Exmples of Isekai Light Novels and Anime

  • Sword Art Online: A bunch of players of the titular VR MMORPG are trapped in the game by it's designer. It's Isekai without the Isekai-ing. Though the setup is a Virtual Reality game, the author has gone or record as saying that was only the framing device to get to another world. Nonetheless, despite predating the Isekai boom, it hits most of the beats.
  • Log Horizon: On the eve of its newest expansion, all the players of the MMORPG ElderTale are suddenly sucked into the game's world. Leans into the RPG Mechanics thing, but often in a deconstructive way. For example, an EXP penalty upon death is taken from your actual Experiences, i.e.: your memories, or the Fluff text of various weapons and items starts becoming real(that cool Purple-rarity weapon you got that says it carries a terrible curse? you might wanna drop it like now!). It also focuses less on the invincible heroics of it's protagonist(who's more of a Support Class anyway), and focuses on the players trying to build themselves a life in the game world.
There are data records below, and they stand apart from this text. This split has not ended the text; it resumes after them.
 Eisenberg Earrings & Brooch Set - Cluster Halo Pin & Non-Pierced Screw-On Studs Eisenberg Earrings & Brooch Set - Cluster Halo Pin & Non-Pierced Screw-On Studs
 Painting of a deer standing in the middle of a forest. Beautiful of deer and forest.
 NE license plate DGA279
  • Isekai Cheat Magician: A young man and his childhood friend are summoned to another world, get magic powers that seemingly break the rules. Exactly as bland as the name suggests, this story should've come in a plain white box with the word "Isekai" written on the cover.
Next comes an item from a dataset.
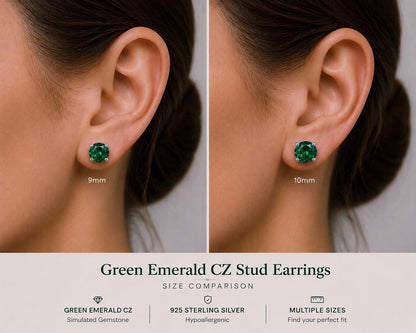Green Emerald CZ Stud Earrings, Sterling Silver Stud Earrings, Emerald Green Earrings, May Birthstone Gift, Minimalist Silver Studs, May Gem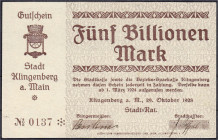 Deutsches Notgeld und KGL
Klingenberg (Bayern)
Stadt, 5 Billionen Mark 29.10.1923. I-, selten. Keller 2677g II..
  • Ascendance of a Bookworm: A bookish young lady dies by extreme irony, only to find herself reborn in the body of a six-year-old peasant girl. Books are extremely rare and hard-to-find in this world, especially for Commoners, so she sets out on a journey of re-invention to make the books she wants to read. This is one of the few works to actually use its gimmick(s) well, being more of a Slice-of-life than "Epic" Fantasy.